BEGIN Task material
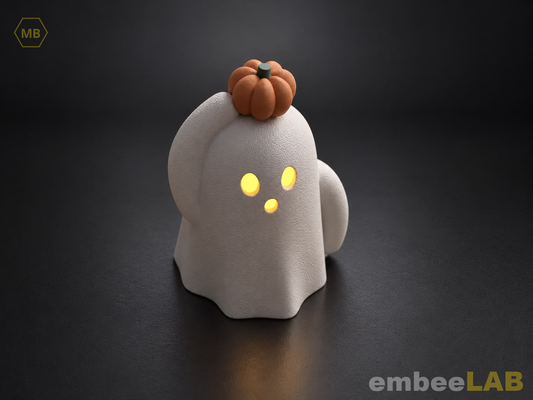 Obake Halloween-Geist mit orangem Kürbis, Augen und Mund leuchten durch ein LED-Licht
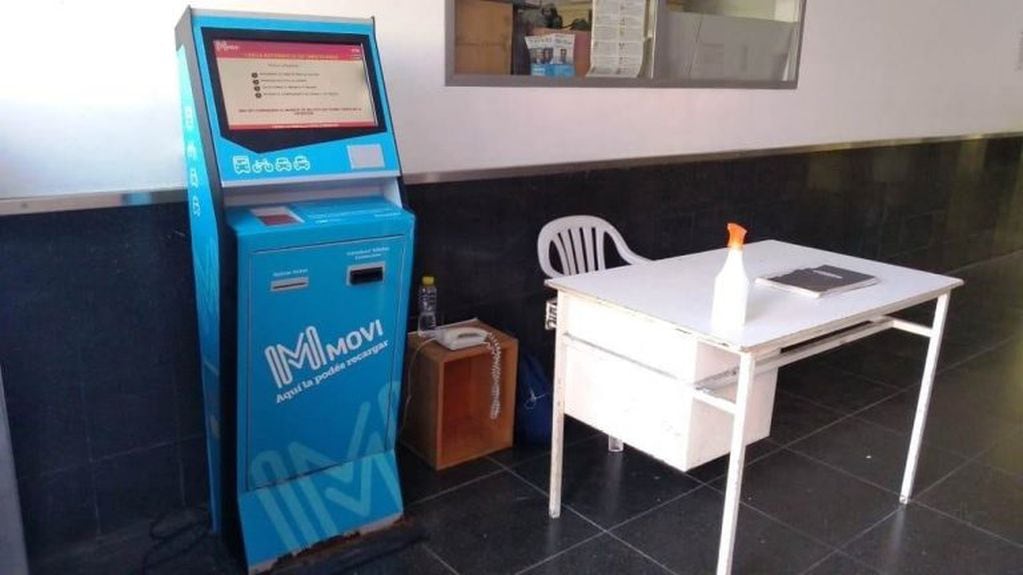 Se instalaron puntos de autocarga de la tarjeta Movi en hospitales de Rosario (Municipalidad de Rosario)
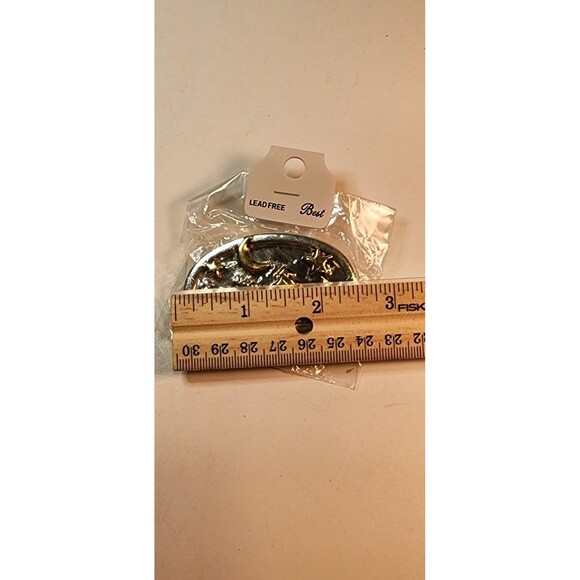 BEST Oval Christmas Tree Reindeer Two Tone Brooch Pendant Vintage New In Pkg - Picture 6 of 7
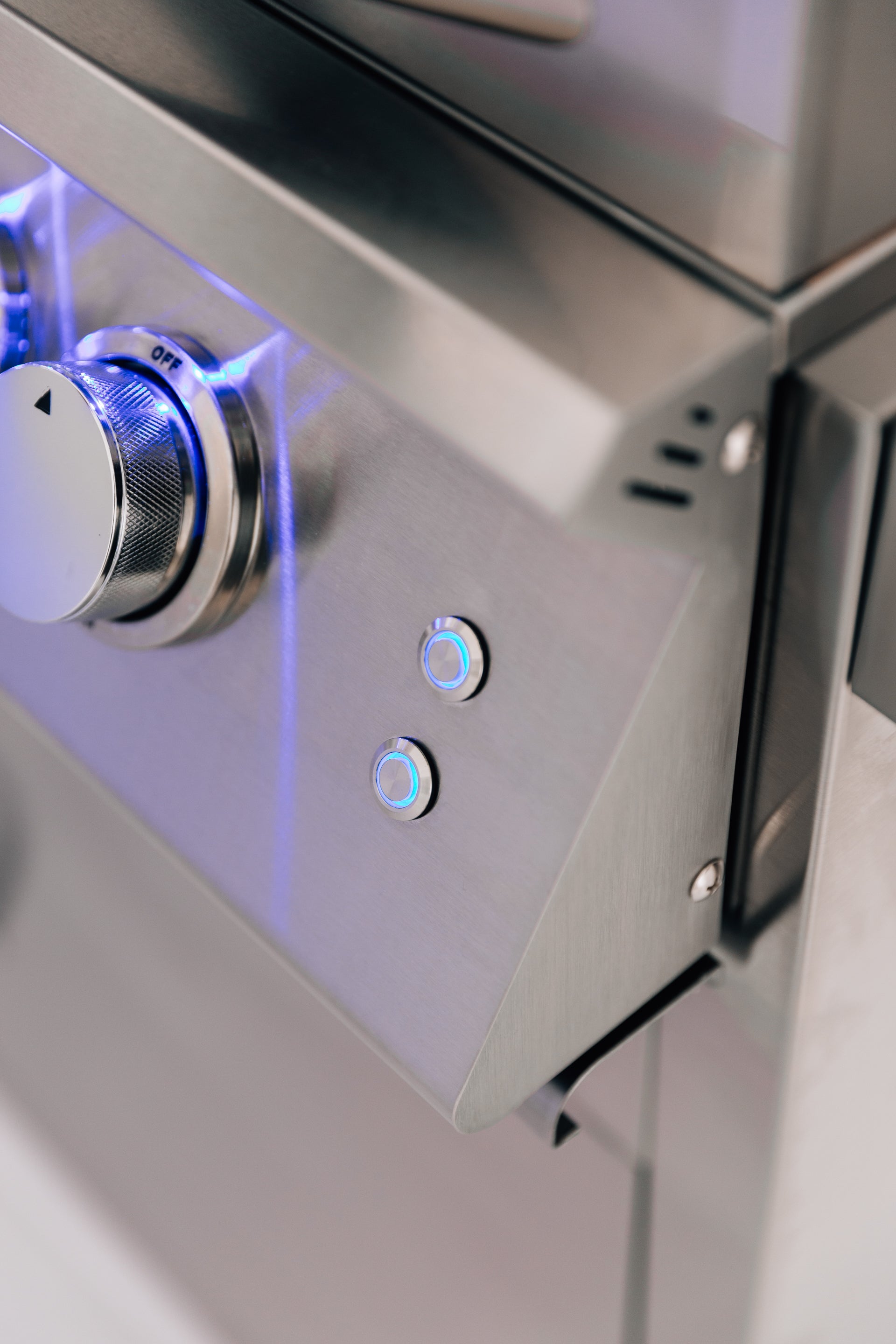 Summerset Sizzler Pro Series Built-in Grill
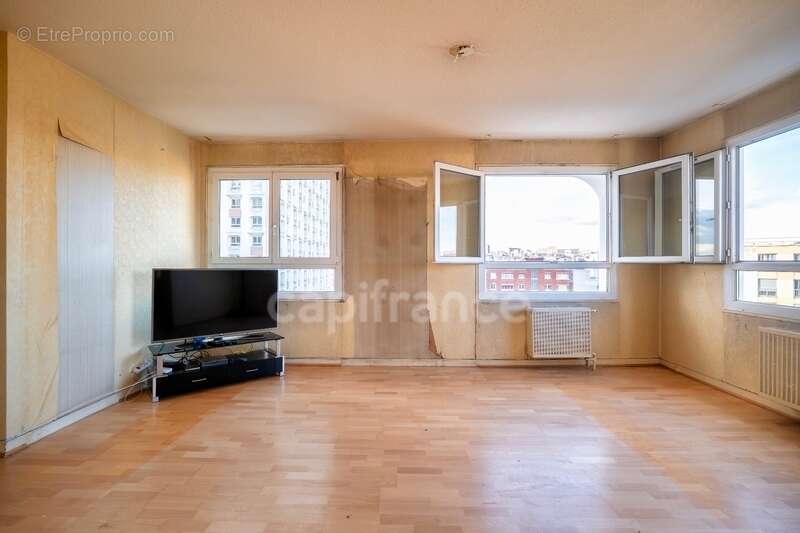 Appartement à PARIS-20E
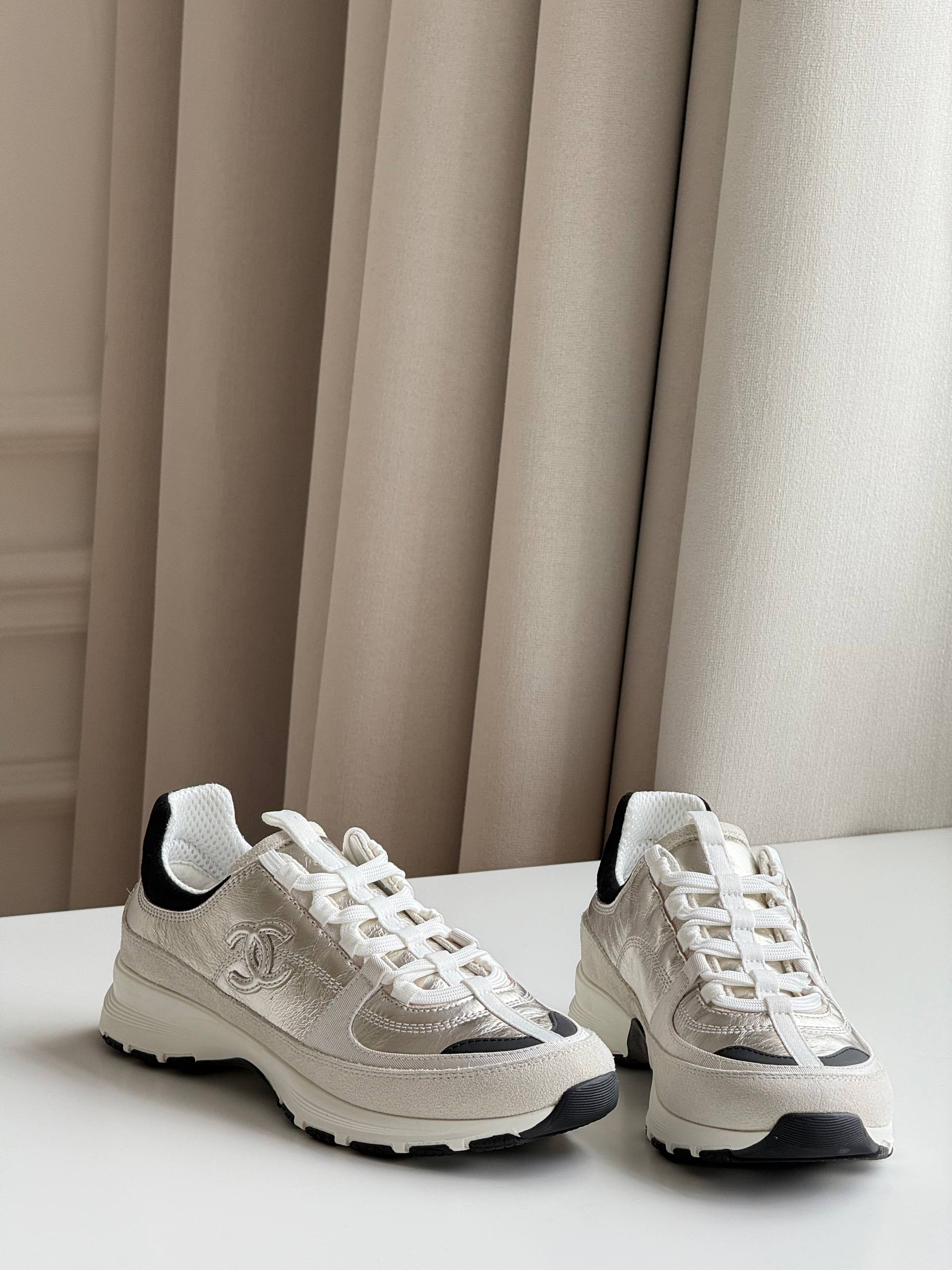 Chanel Metallic CC Logo Low-Top Sneakers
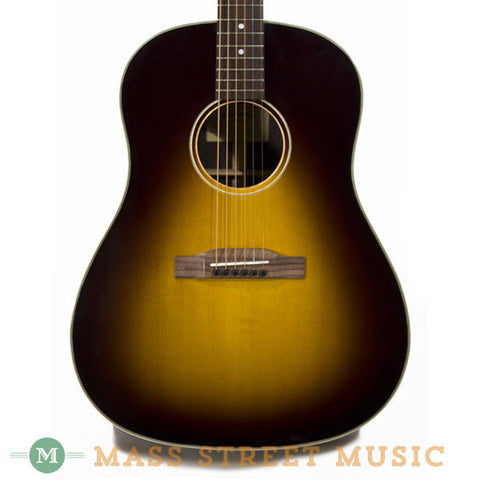 Eastman E20SS Slope Shouldered Dreadnought - front close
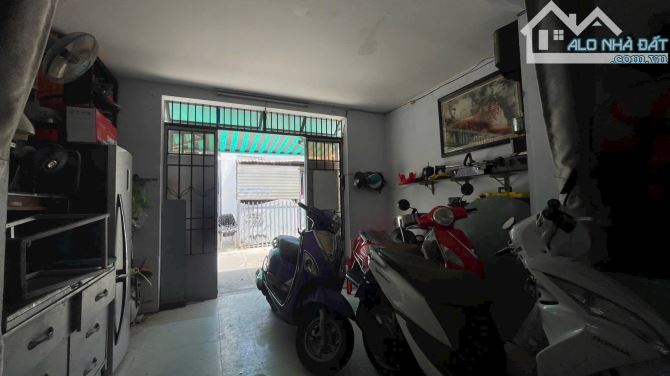 Bán nhà cấp 4 hẻm ô tô đoạn gần Thích Quãng Đức vs đường 28 - 3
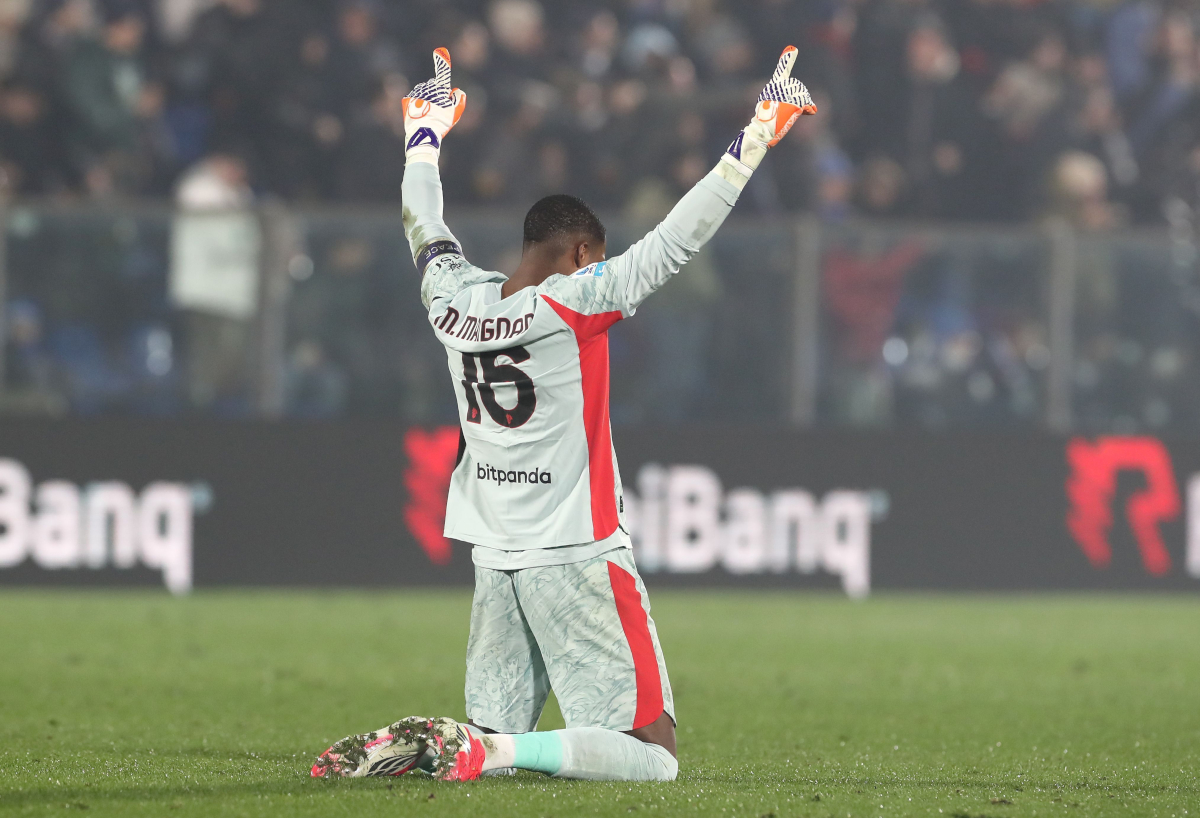 COMO, ITALY - JANUARY 15: Mike Maignan of AC Milan celebrates his team-mates goal during the Serie A match between Como 1907 and AC Milan at Giuseppe Sinigaglia Stadium on January 15, 2026 in Como, Italy. (Photo by Marco Luzzani/Getty Images)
END Task material
What the task requires >> Quote exactly, and only, the lines from the line containing "Eastman E20SS Slope" through the final line of the records above, both included, omitting any pictures.

Output below >>
 Eastman E20SS Slope Shouldered Dreadnought - front close
 Bán nhà cấp 4 hẻm ô tô đoạn gần Thích Quãng Đức vs đường 28 - 3
 COMO, ITALY - JANUARY 15: Mike Maignan of AC Milan celebrates his team-mates goal during the Serie A match between Como 1907 and AC Milan at Giuseppe Sinigaglia Stadium on January 15, 2026 in Como, Italy. (Photo by Marco Luzzani/Getty Images)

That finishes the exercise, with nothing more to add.